» TASK MATERIAL:
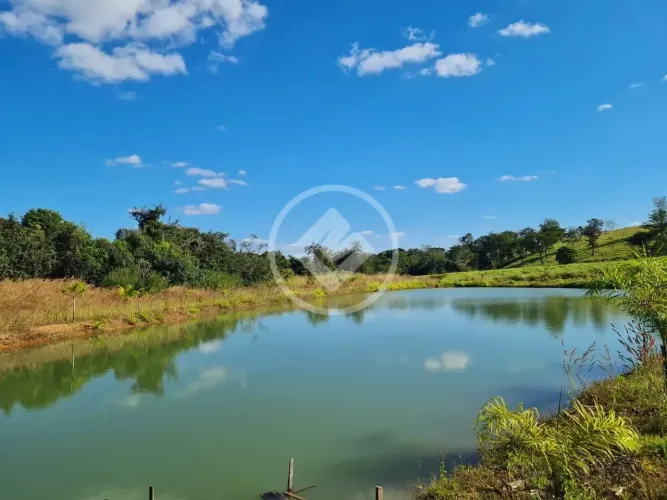 Professor Jamil - Chácara com represa de peixes e córrego no fundo codigo: 114254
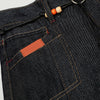Western Style High Street Curved Blade Denim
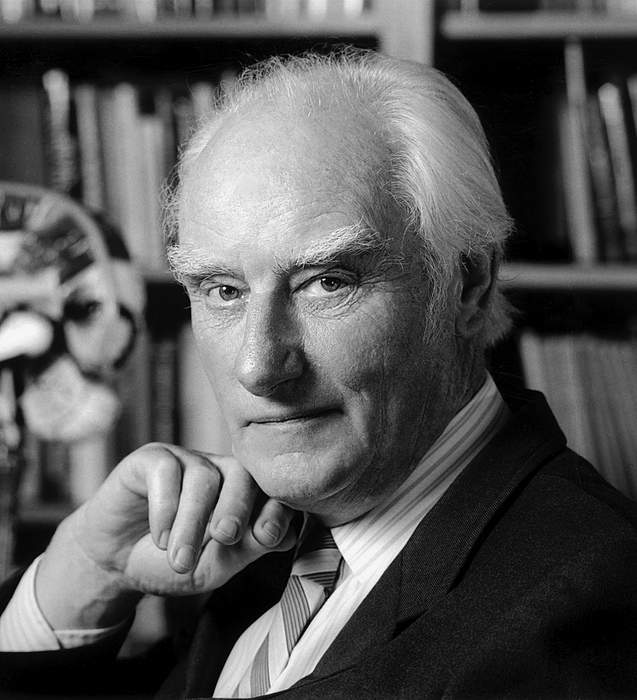 Francis Crick: English physicist, molecular biologist; co-discoverer of the structure of DNA
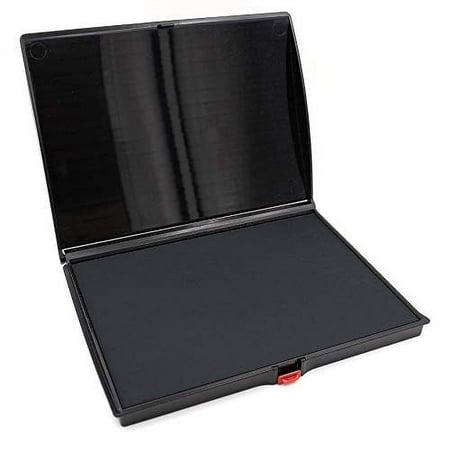 Rubber Stamp Creation 5"x 7" Extra Large Black Color Stamp Pad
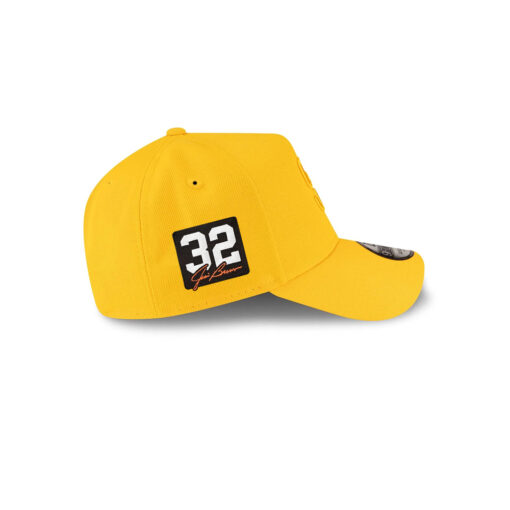 San Diego Padres Gold Logo A-Frame Snapback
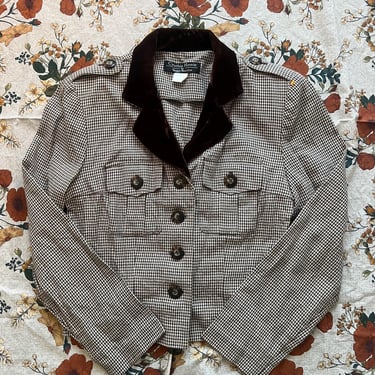 Cynthia Howie Cropped Coat 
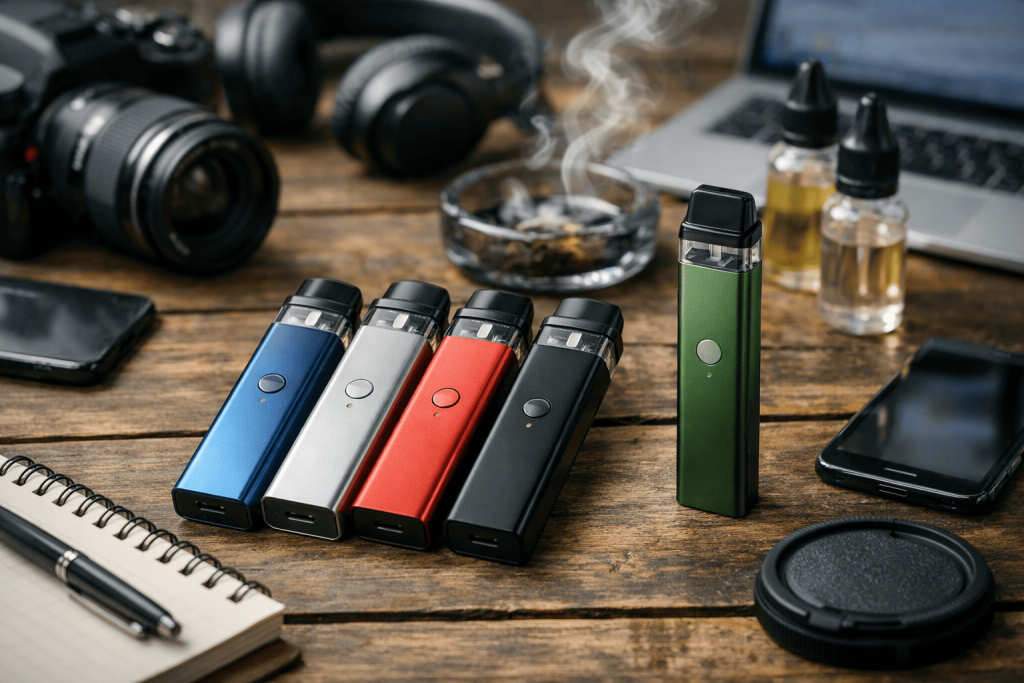 Де купити багаторазову електронну сигарету Vaporesso XROS?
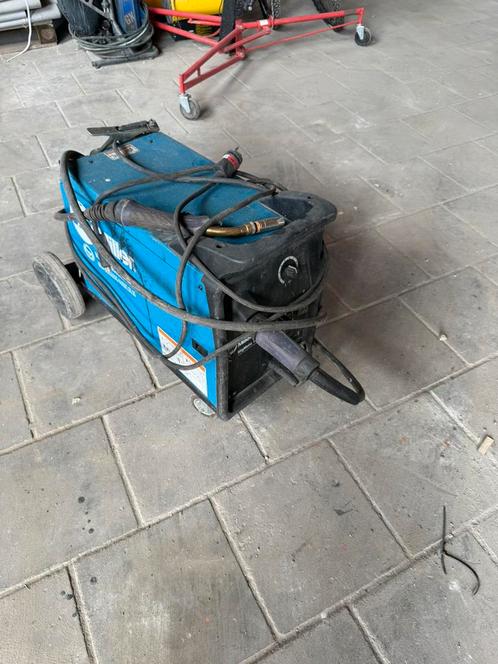 Miller MIGMATIC 175 MIG/MAG-lasapparaat, Doe-het-zelf en Bouw, Gereedschap | Lasapparaten, Zo goed als nieuw, Tig, 150 tot 250 ampère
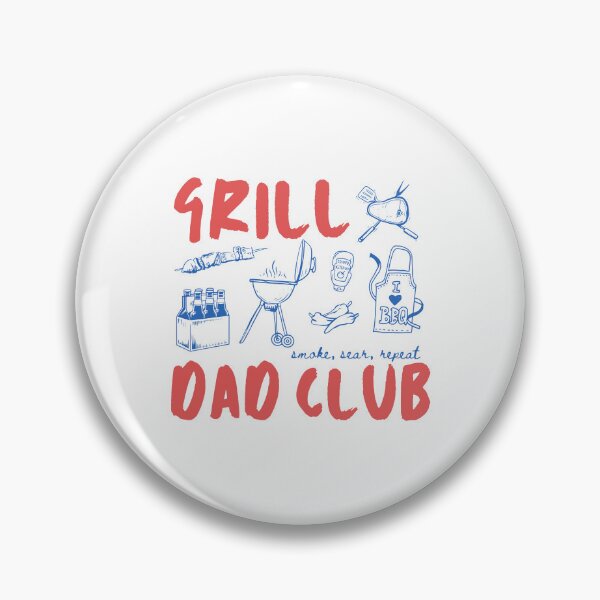 Item preview, Grill Dad Club designed and sold by caruku666.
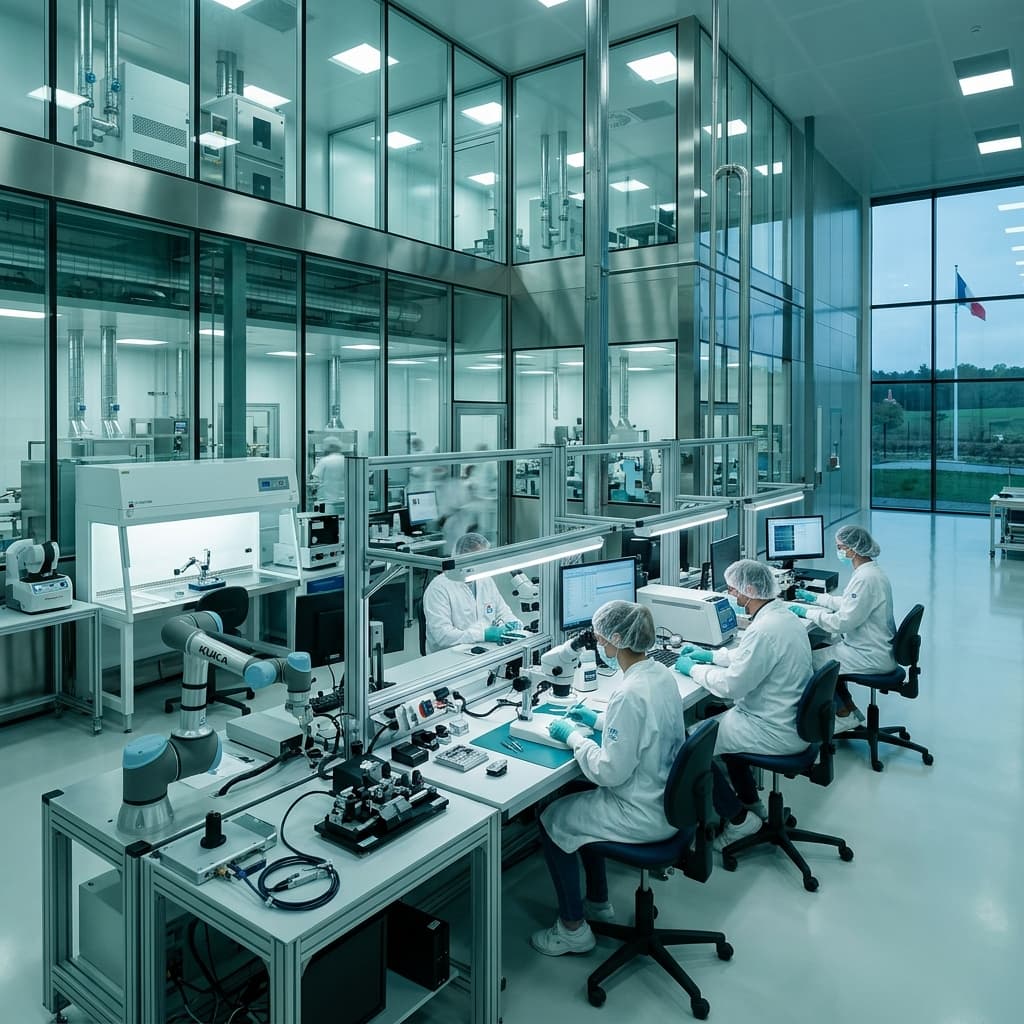 Sefam French engineering and motor precision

» AIM OF THE TASK: Only the lines from the one with "Miller MIGMATIC 175" to the end of the listing, both ends included, should be retyped exactly; no pictures belong in the copy.

» TASK RESULT:
 Miller MIGMATIC 175 MIG/MAG-lasapparaat, Doe-het-zelf en Bouw, Gereedschap | Lasapparaten, Zo goed als nieuw, Tig, 150 tot 250 ampère
 Item preview, Grill Dad Club designed and sold by caruku666.
 Sefam French engineering and motor precision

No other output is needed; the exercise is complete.